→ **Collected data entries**
▬▬▬▬▬▬

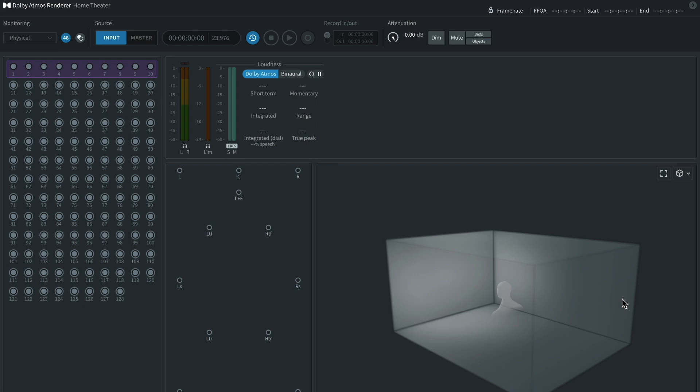What's up, today I'm going to show you guys how to mix spatial audio for free inside Pro Tools using Dolby Atmos Render Room.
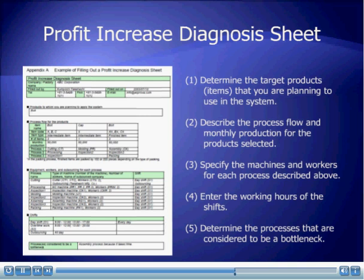The Profit Increase Diagnosis Sheet covers the following: 1. Determine the target products you are planning to use in the system. 2. Describe the process flow and monthly production for the selected products. 3. Specify the machines and workers for each process. 4. Enter the working hours of the shifts. 5. Determine the processes that are considered to be a bottleneck.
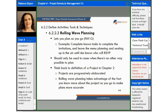Rolling wave planning lets you plan as you go. An example would be if you complete the known tasks to complete the invitations and then leave the menu planning and the seating until later when you know who's going to RSVP. So you know that invitations are coming up soonest — you need to be able to complete those tasks and then leave the rest, like menu planning and seating chart, up in the air until closer to the time that you need it, because those things can wait.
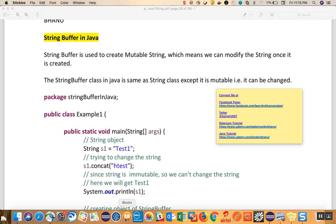In this video I will talk about StringBuffer in Java. Why is StringBuffer required though we have a String class? A StringBuffer is a mutable string, meaning we can modify the data of a StringBuffer, whereas we cannot modify the data of a String class. In Java we have a different class called StringBuffer where we can modify the data of a string once it is created — that is the difference between a StringBuffer and a String class.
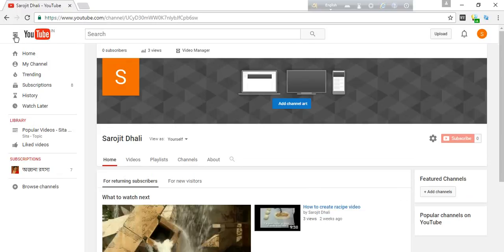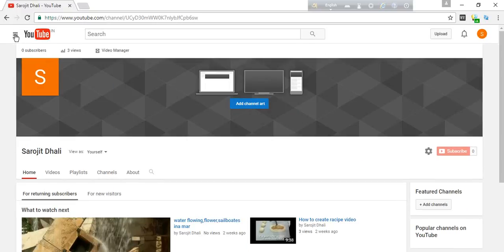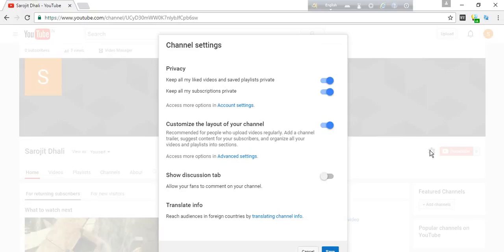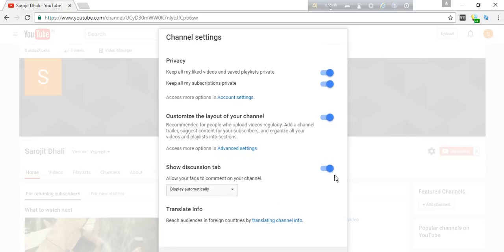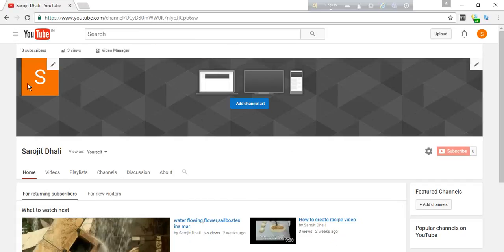Now, again. More — click. This — click. Save. This channel is now customized.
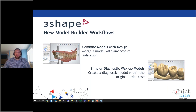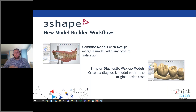Now let's look at model builder workflows. The first new workflow is the ability to combine models with design. A new step in the model builder allows you to merge a model or make space and gingiva for each individual restoration. It is now possible to merge a model with any type of indication — for example, combining a scan in a frame as a hand veneering guide or making an anatomical diagnostic wax-up. This was not previously available.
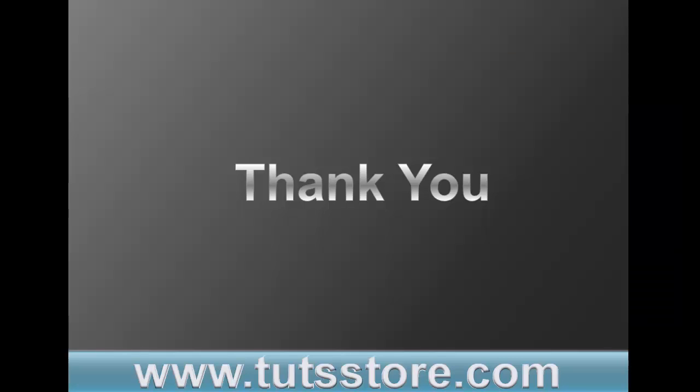So thank you very much for watching this tutorial. If you like this tutorial, don't forget to subscribe this channel and make a positive comment in the comment box. Thank you.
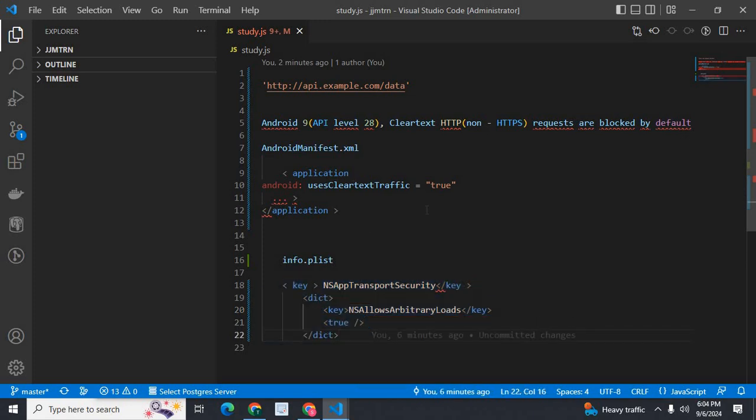You can easily fix the error network request failed in fetch method. I hope this video is helpful for you.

▬▬▬▬▬▬

→ **What the task requires**
Starting at the line that contains "Rolling wave planning", reproduce each line exactly through the end of the entries above, leaving every picture out.

→ **Exercise output**
Rolling wave planning lets you plan as you go. An example would be if you complete the known tasks to complete the invitations and then leave the menu planning and the seating until later when you know who's going to RSVP. So you know that invitations are coming up soonest — you need to be able to complete those tasks and then leave the rest, like menu planning and seating chart, up in the air until closer to the time that you need it, because those things can wait.
In this video I will talk about StringBuffer in Java. Why is StringBuffer required though we have a String class? A StringBuffer is a mutable string, meaning we can modify the data of a StringBuffer, whereas we cannot modify the data of a String class. In Java we have a different class called StringBuffer where we can modify the data of a string once it is created — that is the difference between a StringBuffer and a String class.
Now, again. More — click. This — click. Save. This channel is now customized.
Now let's look at model builder workflows. The first new workflow is the ability to combine models with design. A new step in the model builder allows you to merge a model or make space and gingiva for each individual restoration. It is now possible to merge a model with any type of indication — for example, combining a scan in a frame as a hand veneering guide or making an anatomical diagnostic wax-up. This was not previously available.
So thank you very much for watching this tutorial. If you like this tutorial, don't forget to subscribe this channel and make a positive comment in the comment box. Thank you.
You can easily fix the error network request failed in fetch method. I hope this video is helpful for you.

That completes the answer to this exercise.